A few weeks ago whilst browsing eBay, I found a rather cheap but interesting looking USB Arcade control pad for my PC. At only £10 (inc shipping from China) I thought it’s worth a go even if it turns out to be a dud. Sporting ten buttons It’s ideal to use on my PC for MAME, various other computer emulators as well as regular PC titles (My favorite EA Sports NHL franchise being one of them).
About a fortnight after I placed my order, it arrived on Friday and had chance to take a look at it this morning. The package arrived in a jiffy bag rather than boxed and my initial thoughts were it probably wouldn’t have survived the journey especially as the tall joystick sticks out quite a bit. On inspection the joystick did appear to be bent slightly to the the right.
The Gamepad measures 10″ x 5″ giving amble space between joystick and buttons. It’s sits on sucker pads to stop it sliding around the desktop and feels fairly robust despite looking a bit fragile.

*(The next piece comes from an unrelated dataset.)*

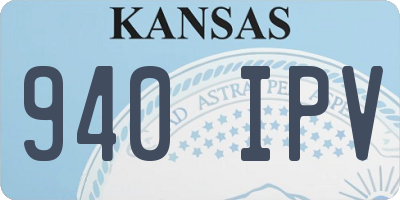KS license plate 940IPV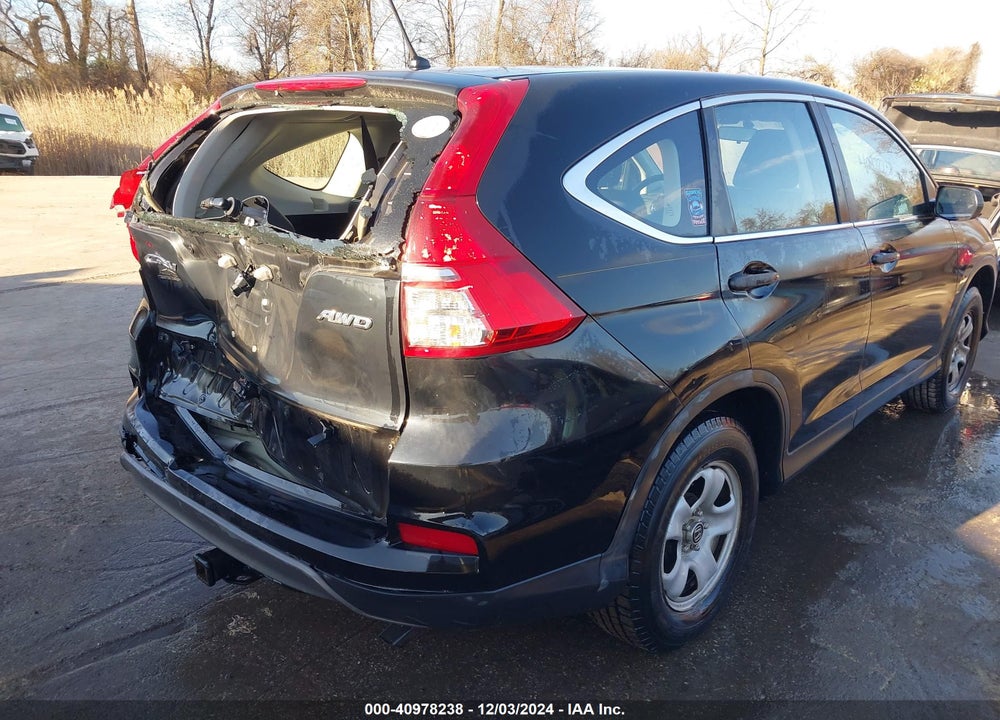 2015 HONDA CR-V LX VIN: 5J6RM4H34FL083662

The joystick feels quite responsive (it reminds me of the classic 80’s Konix Speedking) and clicks slightly when moved although it doesn’t feel like micro-switches have been used. Likewise the buttons look like they could withstand a good pounding but I guess time will tell.
Before I addressed the wonky joystick issue I wanted to check that everything was working o.k. so I attached it to my PC via USB port. There’s no driver software supplied but Windows appeared to detect it o.k. as a ten buttoned joypad. Both joystick and buttons responded well apart from button no.4 which wasn’t registering at all. The top buttons marked ‘Auto’, ‘Turbo’ & ‘Clear’ also weren’t showing in the Gamepad properties.
Time to crack it open and have a good look see – With the rear cover removed, you can see it’s fairly basic inside.
Note the grey thing on the right? It’s some kind of metal paper weight!
Here’s the printed side of the circuit board showing the joystick and button contacts which look and feel similar to laptop keyboard contacts
The joystick is spring loaded at the base and I could see that this wasn’t fitted correctly hence the slight tilt on the joystick.
Here’s a close up of the button undersides. It’s shame micro-switches haven’t been used. Button no.4 wasn’t sitting right but this was easily corrected.
Time to test it out so I reassembled everything, plugged it in again and checked the buttons again. Everything worked o.k. this time so I launched MAME and configured the button mapping. I mapped buttons for start, coin, select, MAME config menu and used the remaining six buttons for gameplay.
I ran though a series of games test from Shmups like 1942, R-Type and Gradius to platformers like Bubble Bobble & New Zealand Story and then on to button mashers like Final Fight and Kung-Fu Master. I’d have so say it performed perfectly – almost like using a real arcade control panel.
Revisitng ‘Dobkeratops’ with my new stick!
Enough of shooters, looking at the underside of the controller proudly declared what it’s designed for!
Time to fire up the some Street Fighter action. I’ve recently brought the latest incarnation Street Fighter (IV) on the PC and haven’t had change to try it yet. Let’s see if my new stick can handle super combos.
Giving a Ken a nice Shoryuken to the chops. I might be out of practise but the stick seems to perform dragon punch and Hadouken fireballs with ease. Even Ex, Super and Ultra moves are completed about 9 out of 10 (again this might be me being out of practise).
Zangeif’s Spinning Piledriver was a little difficult to pull off though having to use a 360 rotational movement.
All in all, I’m quite please with it and for only £10 I can’t fault it. Time will tell if it lasts and my only criticism are the horrible button labels. I think i’ll order one more as a spare and possibly take the buttons into the garage and respray them a different color(s).
Hmm, wonder what that slot on the back could be used for?